A partir desse dia, nossas noites mudaram. Com 7 anos me declarei professora. Iria ensina-la tudo o que sabia e o que considerava o mínimo aceitável: escrever o próprio nome. Não foi fácil. A moça nunca frequentara uma escola. Seu cérebro parecia infértil à qualquer tipo de aprendizado. Mas não desisti. Desenhava todos os dias na lousinha: "Raimunda Nunes Ferreira" e insistia para que ela copiasse em meu caderno até não aguentar mais. Ela queria parar. Não tinha muita esperança que aquela brincadeira surtiria algum efeito concreto. Mas quando coloco uma coisa na cabeça, sai de baixo.
Depois de algumas semanas insistentes, os garranchos tortos aos poucos foram tomando formas arredondadas e culminaram na tão esperada assinatura. Raimunda recebeu, enfim, o diploma da minha escolinha. Parabenizei-a, orgulhosa. A moça tinha aprendido direitinho. Recomendei que se matriculasse em uma escola assim que pudesse e insistisse no aprendizado.
Algum tempo depois, no início de outubro, Raimunda chegou em casa serelepe. Estranhei. Era de pouco papo e olhos baixos. Me chamou na cozinha, e então pude fitar-lhe os olhos: estavam brilhantes e marejados. Um sorriso como eu nunca tinha visto emoldurava-lhe a face. Não precisaria ter dito muito, mas a moça me cobriu de agradecimentos e disparou : - Eu acabei de votar, Lívia! assinei meu nome certinho!
Não entendi a dimensão da festa, embora tenha ficado realmente feliz. Jamais poderia imaginar que minhas aulinhas abririam as cortinas daquela moça tímida e sem perspectivas para uma nova realidade. Pela primeira vez notei em sua voz sofridamente submissa um tom esperançoso.

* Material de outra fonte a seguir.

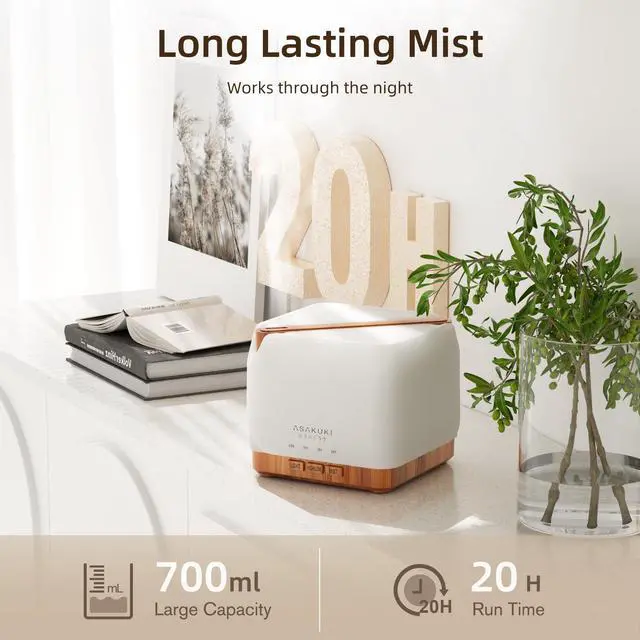Alt view image 5 of 7 - Essential Oil Diffuser for Home, Large 700 ml Humidifier with Automatic Shut-Off, Scent Aromatherapy Diffuser with 7 LED Lights for Living Room, Kitchen, Bedroom, Hotel - Yellow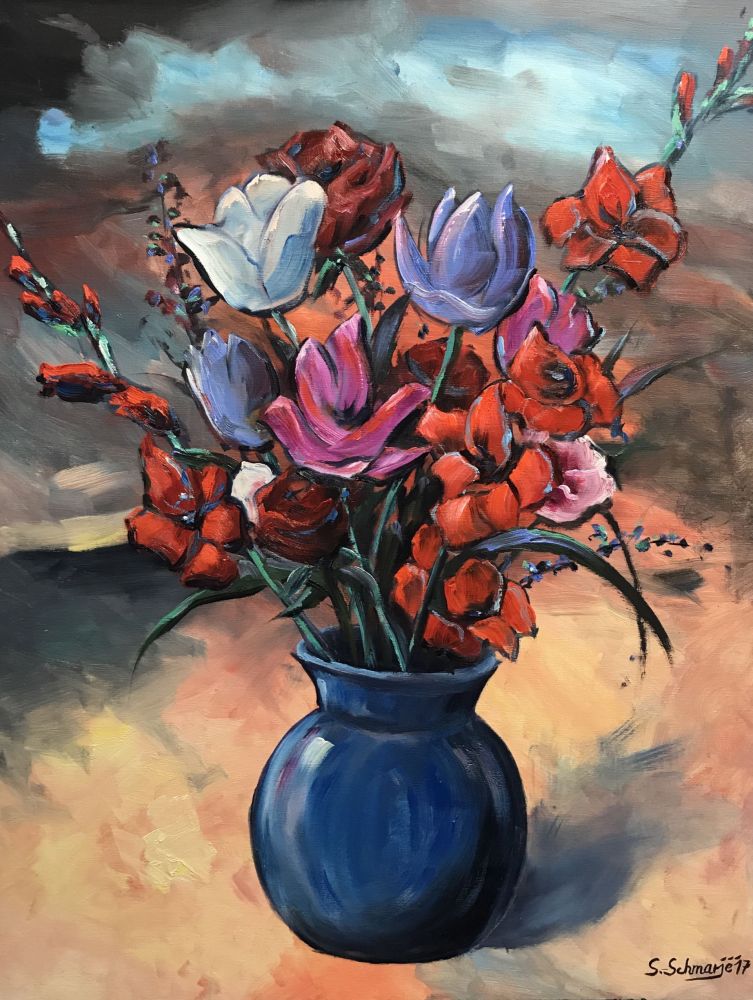 Blumenstrauß, Ölbild 90 x 70 cm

Raimunda se despediu de mim. Não trabalharia mais em minha casa. Cumpriu com os seus últimos afazeres e arrumou a pequena mala. Caminhou em direção à porta com a cabeça reta e pisou firme no assoalho com seus sapatos, sem pestanejar. Sentia-se apta, finalmente, a não reverenciar o chão brilhante. Olhou pra trás num aceno carinhoso. A dignidade preenchia lentamente as linhas de seu rosto precocemente envelhecido evidenciando a mudança. Estava pronta pra encarar o mundo: agora Raimunda tinha brilho nos olhos.